### Assigned task:
Each record below is to be reproduced without any change.

══ Data for analysis

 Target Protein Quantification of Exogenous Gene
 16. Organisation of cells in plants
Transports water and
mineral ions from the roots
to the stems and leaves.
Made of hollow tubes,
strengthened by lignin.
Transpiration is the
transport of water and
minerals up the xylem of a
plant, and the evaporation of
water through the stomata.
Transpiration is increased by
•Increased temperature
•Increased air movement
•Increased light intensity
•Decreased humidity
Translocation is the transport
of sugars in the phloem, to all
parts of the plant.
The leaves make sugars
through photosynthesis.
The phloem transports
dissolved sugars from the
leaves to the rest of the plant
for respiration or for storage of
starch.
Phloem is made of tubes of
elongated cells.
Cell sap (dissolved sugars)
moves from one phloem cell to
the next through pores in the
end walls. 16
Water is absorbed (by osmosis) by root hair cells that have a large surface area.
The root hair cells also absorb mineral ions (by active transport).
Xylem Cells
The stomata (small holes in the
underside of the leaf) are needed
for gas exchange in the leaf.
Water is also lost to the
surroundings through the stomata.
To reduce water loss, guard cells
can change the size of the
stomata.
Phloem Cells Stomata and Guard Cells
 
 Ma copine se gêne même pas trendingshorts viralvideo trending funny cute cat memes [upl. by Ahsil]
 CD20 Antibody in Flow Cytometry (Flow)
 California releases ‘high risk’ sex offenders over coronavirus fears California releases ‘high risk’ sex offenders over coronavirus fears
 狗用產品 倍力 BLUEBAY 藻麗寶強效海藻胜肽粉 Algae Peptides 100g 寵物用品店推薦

════

### Solved problem:
 Target Protein Quantification of Exogenous Gene
 16. Organisation of cells in plants
Transports water and
mineral ions from the roots
to the stems and leaves.
Made of hollow tubes,
strengthened by lignin.
Transpiration is the
transport of water and
minerals up the xylem of a
plant, and the evaporation of
water through the stomata.
Transpiration is increased by
•Increased temperature
•Increased air movement
•Increased light intensity
•Decreased humidity
Translocation is the transport
of sugars in the phloem, to all
parts of the plant.
The leaves make sugars
through photosynthesis.
The phloem transports
dissolved sugars from the
leaves to the rest of the plant
for respiration or for storage of
starch.
Phloem is made of tubes of
elongated cells.
Cell sap (dissolved sugars)
moves from one phloem cell to
the next through pores in the
end walls. 16
Water is absorbed (by osmosis) by root hair cells that have a large surface area.
The root hair cells also absorb mineral ions (by active transport).
Xylem Cells
The stomata (small holes in the
underside of the leaf) are needed
for gas exchange in the leaf.
Water is also lost to the
surroundings through the stomata.
To reduce water loss, guard cells
can change the size of the
stomata.
Phloem Cells Stomata and Guard Cells
 
 Ma copine se gêne même pas trendingshorts viralvideo trending funny cute cat memes [upl. by Ahsil]
 CD20 Antibody in Flow Cytometry (Flow)
 California releases ‘high risk’ sex offenders over coronavirus fears California releases ‘high risk’ sex offenders over coronavirus fears
 狗用產品 倍力 BLUEBAY 藻麗寶強效海藻胜肽粉 Algae Peptides 100g 寵物用品店推薦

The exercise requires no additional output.